EDITORIAL

Democracia, diálogo y convivencia

Las razones íntimas que lo motivaron al vicepresidente Julio Cleto Cobos para recibir a De Narváez son imposibles de conocer. Lo objetivo es que el vicepresidente conversó con un dirigente político que no piensa como él. En cualquier país democrático del mundo el gesto no hubiera tenido mayor trascendencia. En la Argentina, provocó un miniescándalo político.

Con su habitual verborragia, la doctora Carrió llegó a calificar el acto como una verdadera traición a la causa. Algo parecido pensaron otros dirigentes opositores. A través de sus palabras, estos dirigentes -tal vez sin proponérselo- estaban negando una de las condiciones básicas de la democracia moderna: dialogar con el opositor. La anécdota merece relatarse porque pone en evidencia los grados de crispación de la política democrática en la Argentina. También pone en evidencia que el autoritarismo político y la intolerancia, lamentablemente no son un producto exclusivo del oficialismo.

Puede que el clima electoral haya tensionado los ánimos, pero hay buenas razones para sospechar que de un tiempo a esta parte el clima de convivencia política está erosionado y hacia el futuro no hay indicios de que esta situación vaya a cambiar. La democracia como concepto admite diferentes definiciones, pero uno de sus requisitos esenciales, de sus objetivos centrales si se quiere, es la convivencia, a tal punto que es lícito decir que una democracia sin convivencia no es democracia y en más de un caso ha sido la antesala de nefastas experiencias.

No es sencillo determinar quién o quiénes han sido los responsables de este deterioro. En principio, desde el punto de vista estrictamente político está claro que la máxima responsabilidad siempre recae en quien ejerce la máxima autoridad política porque es a él a quien le corresponde convocar a la concordancia, alentar el diálogo y tender puentes para zanjar las diferencias.

La dirigencia política argentina siempre ha tenido dificultades para asimilar estos principios. Por razones históricas de largo alcance, en nuestro país la política en más de una oportunidad llegó a confundirse con la guerra. La recuperación de la democracia en 1983 intentó superar ese síndrome, pero en los últimos años, la tendencia a la discordia se ha acentuado.

Dicho con otras palabras, los Kirchner con sus bravatas y su persistencia en dividir a la sociedad en campos o trincheras antagónicas son los que más han contribuido a crear este clima de desconfianzas, de recelos mutuos y de creciente agresividad verbal.

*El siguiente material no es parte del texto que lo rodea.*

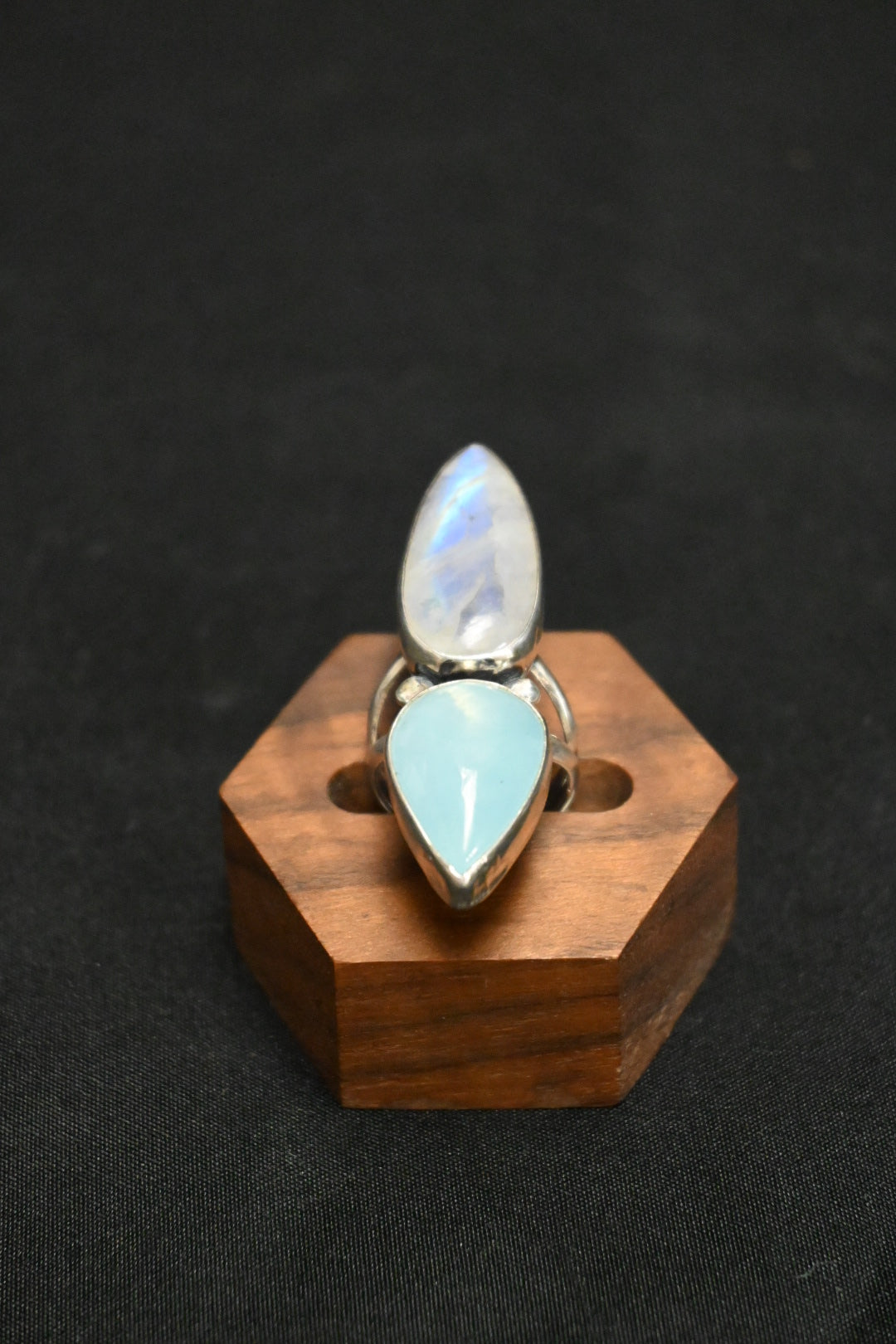 Moonstone & Aquamarine Ring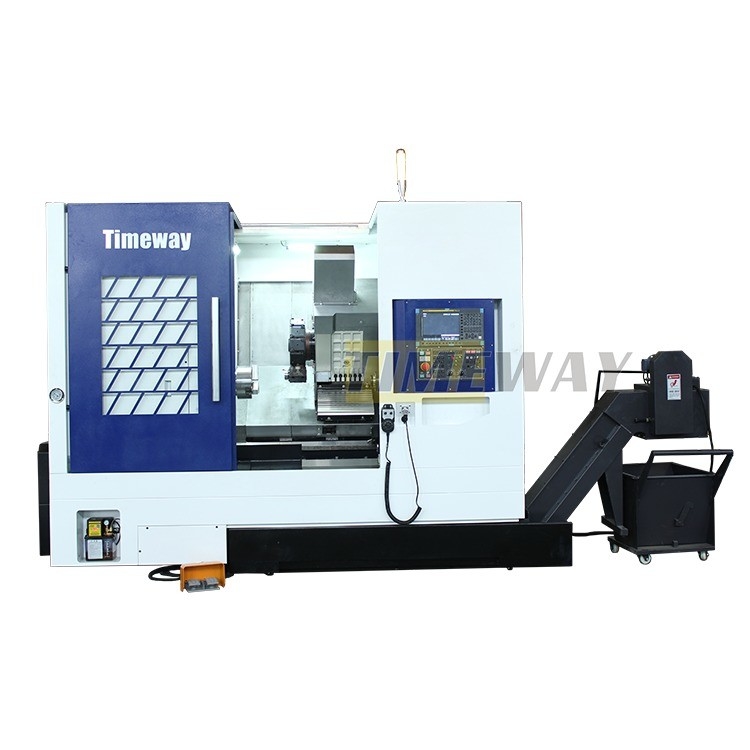 CNC-Drehmaschine mit FANUC-Steuerung und ISO40 Spindelton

La oposición por su lado, ha demostrado que no sabe estar a la altura de las circunstancias y en más de un caso ha caído en la trampa de la intolerancia. Su dispersión, la multiplicidad de pequeños liderazgos personales, las ambiciones desmesuradas, las pequeñas y mezquinas vanidades del poder, están mellando su legitimidad política ante la opinión pública.